TASK DETAILS =>
Copy the listing exactly, please, and keep every picture out of it.

RAW DATA =>
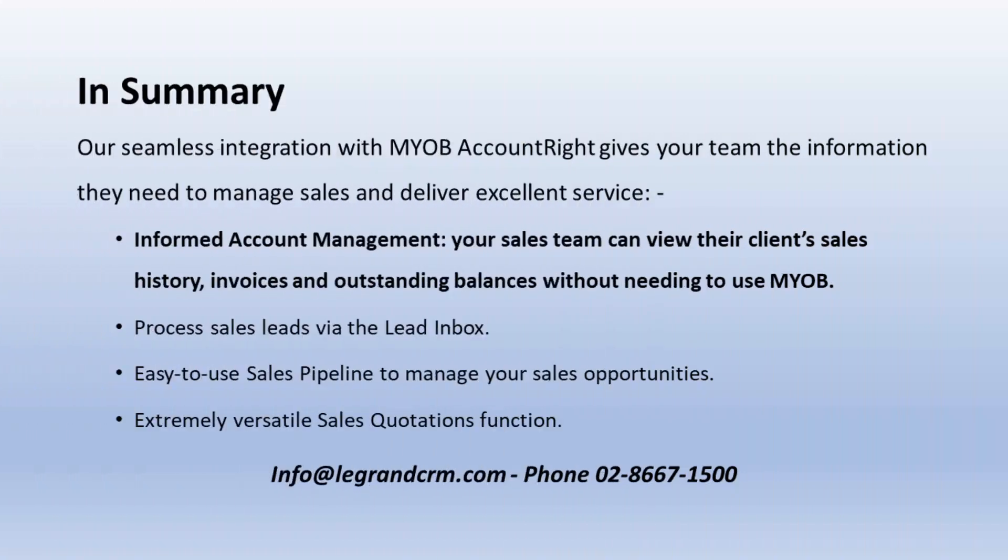LaGrange CRM is a modern CRM system that integrates with MYOB AccountRight. Our two-way integration with MYOB enables your sales team to view their clients' sales history, invoices, and outstanding balances in LaGrange CRM without needing to use MYOB.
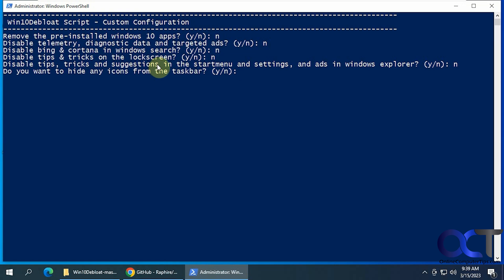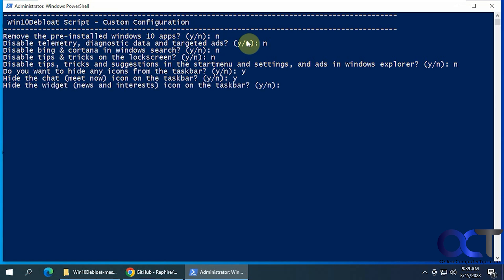And then there's certain ones like this one. Do you want to hide any icons from the system tray? If you say yes, it'll give you some options. Like the Meet Now. Let's say yes. Then News and Interests. Say yes.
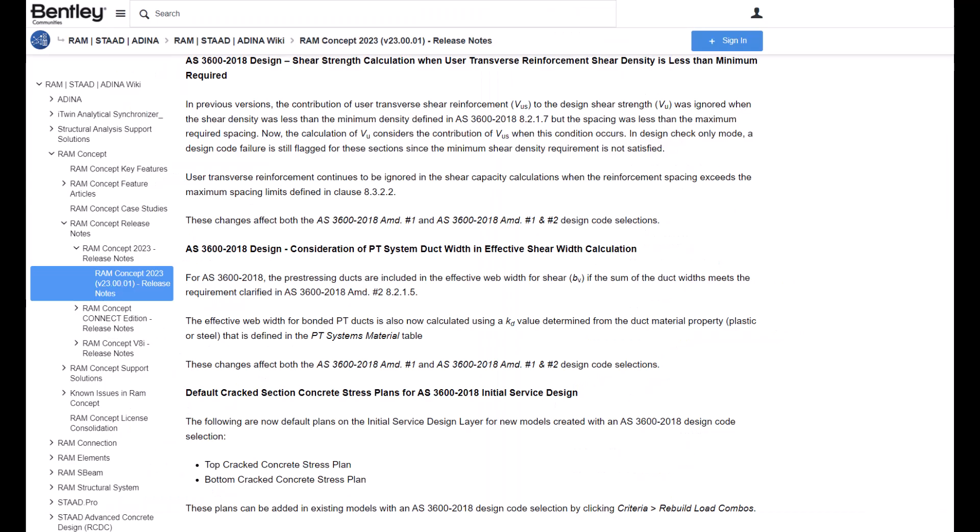There are also other changes implemented for both the 2018 code versions, such as how user transfer shear reinforcement is considered to contribute to the design shear strength, as well as the consideration of PT system duct width in the effective shear width calculation. For more details on these changes, please refer to the release notes for RamConcept version 2023.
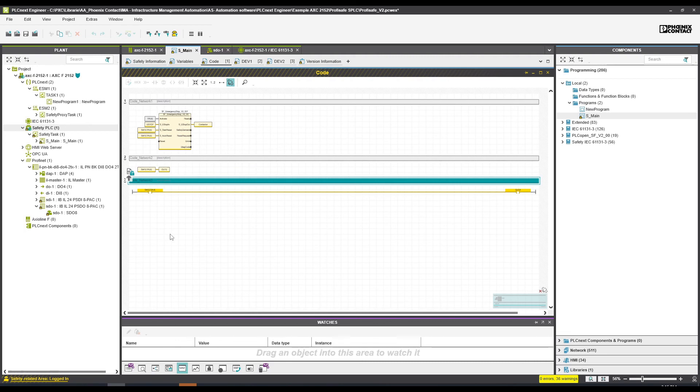This one is completely verified, so we can start using this. This is how that safety portion, the Profisafe portion, is working on PLCnext Engineer. If you have any questions, please reach us, and I hope you enjoyed that small overview.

EXPECTED ANSWER =>
LaGrange CRM is a modern CRM system that integrates with MYOB AccountRight. Our two-way integration with MYOB enables your sales team to view their clients' sales history, invoices, and outstanding balances in LaGrange CRM without needing to use MYOB.
And then there's certain ones like this one. Do you want to hide any icons from the system tray? If you say yes, it'll give you some options. Like the Meet Now. Let's say yes. Then News and Interests. Say yes.
There are also other changes implemented for both the 2018 code versions, such as how user transfer shear reinforcement is considered to contribute to the design shear strength, as well as the consideration of PT system duct width in the effective shear width calculation. For more details on these changes, please refer to the release notes for RamConcept version 2023.
This one is completely verified, so we can start using this. This is how that safety portion, the Profisafe portion, is working on PLCnext Engineer. If you have any questions, please reach us, and I hope you enjoyed that small overview.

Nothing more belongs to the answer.